Sildenafil (substrate of CYP3A4): A single dose of sildenafil 100 mg coadministered with Thelin increased C_max and AUC of sildenafil by 18% and 28%, respectively. There was no change in C_max or AUC for the active metabolite, n-desmethylsildenafil. These changes in sildenafil plasma concentrations were not considered clinically significant. Interaction with sildenafil may be serious if hypotension occurs beyond a safe level. Study results suggest that the dose of sildenafil does not need to be adjusted during concomitant administration with sitaxentan sodium.

Nifedipine (substrate of CYP3A4/5): The clearance of nifedipine was not clinically significantly changed when given concomitantly with Thelin. This was tested for low-dose nifedipine only. Therefore, at higher doses of nifedipine, an increase in exposure cannot be excluded.

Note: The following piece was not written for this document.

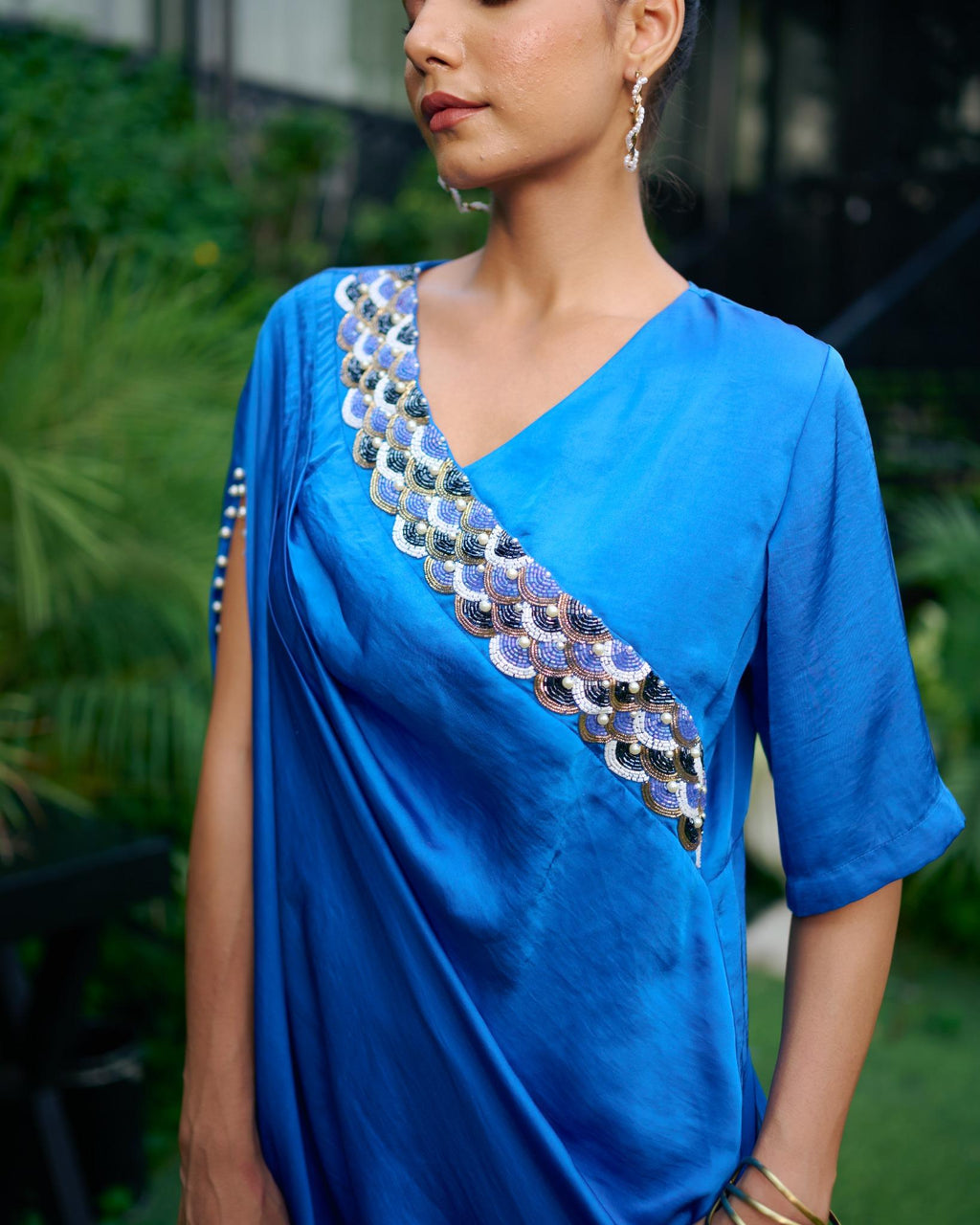 ELECTRIC BLUE CLUSTER DRESS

Omeprazole (substrate of CYP2C19): Concomitant administration of Thelin with omeprazole increased the omeprazole AUC0-24 by 30%; C_max was unchanged. The change in AUC was not considered clinically significant.

Digoxin (substrate of p-Glycoprotein): Concomitant administration of Thelin did not alter the pharmacokinetics of digoxin indicating no effect on the p-glycoprotein transporter

No clinical interaction study was performed with a substrate of CYP 2C8. Therefore an interaction with such a drug cannot be excluded.

Pregnancy

There are no human data regarding the use of sitaxentan sodium during pregnancy. Sitaxentan sodium caused teratogenicity in rats (see section 5.3). Potential effects in humans are unknown. Thelin should not be used during pregnancy unless clearly necessary ie, in case no alternative treatment options are available.

Lactation

Sitaxentan sodium was detected in the plasma of breast fed pups from female rats treated with sitaxentan sodium, indicating that sitaxentan sodium was present in the breast milk. It is unknown whether or not sitaxentan sodium is excreted into human milk. Women should not breastfeed while using Thelin.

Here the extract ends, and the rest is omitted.